- _PROBLEM STATEMENT_: Transcribe only the part of the material below that begins at the line containing "Herren Camel Active" and ends at the line containing "Manufaktura | M087S-WK52", with both kept and images left out.
─── ENTRIES SHOWN ───
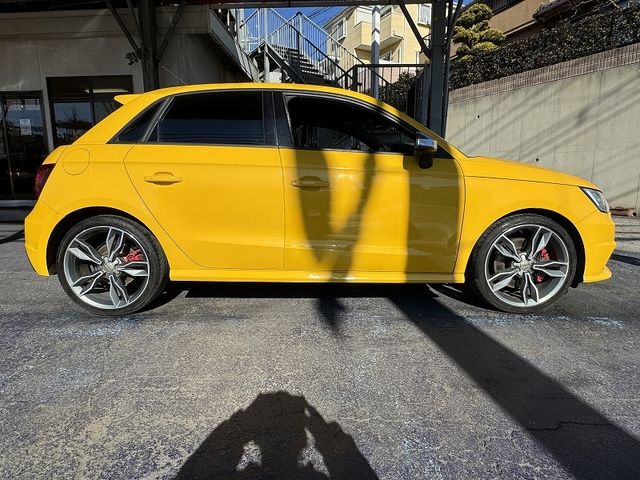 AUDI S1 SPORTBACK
───
─── ENTRIES SHOWN ───
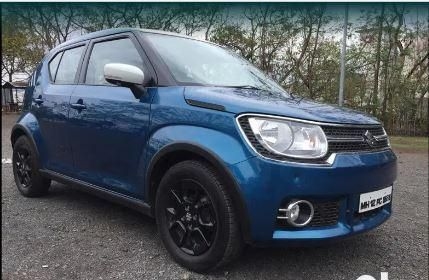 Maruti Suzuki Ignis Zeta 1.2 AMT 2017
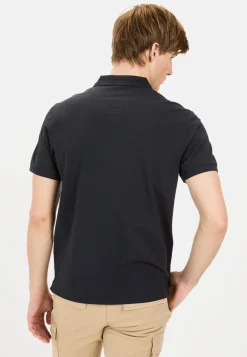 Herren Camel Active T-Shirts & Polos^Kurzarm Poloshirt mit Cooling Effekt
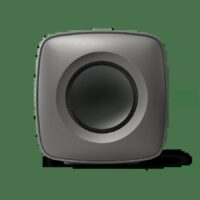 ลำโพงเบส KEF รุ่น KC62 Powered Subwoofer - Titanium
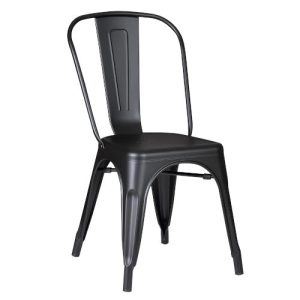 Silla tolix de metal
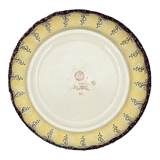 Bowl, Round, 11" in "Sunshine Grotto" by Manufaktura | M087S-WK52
───
─── ENTRIES SHOWN ───
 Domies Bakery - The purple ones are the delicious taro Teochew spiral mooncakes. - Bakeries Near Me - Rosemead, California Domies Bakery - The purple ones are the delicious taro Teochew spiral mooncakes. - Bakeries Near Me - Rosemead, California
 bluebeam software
───
- _EXERCISE ANSWER_:
 Herren Camel Active T-Shirts & Polos^Kurzarm Poloshirt mit Cooling Effekt
 ลำโพงเบส KEF รุ่น KC62 Powered Subwoofer - Titanium
 Silla tolix de metal
 Bowl, Round, 11" in "Sunshine Grotto" by Manufaktura | M087S-WK52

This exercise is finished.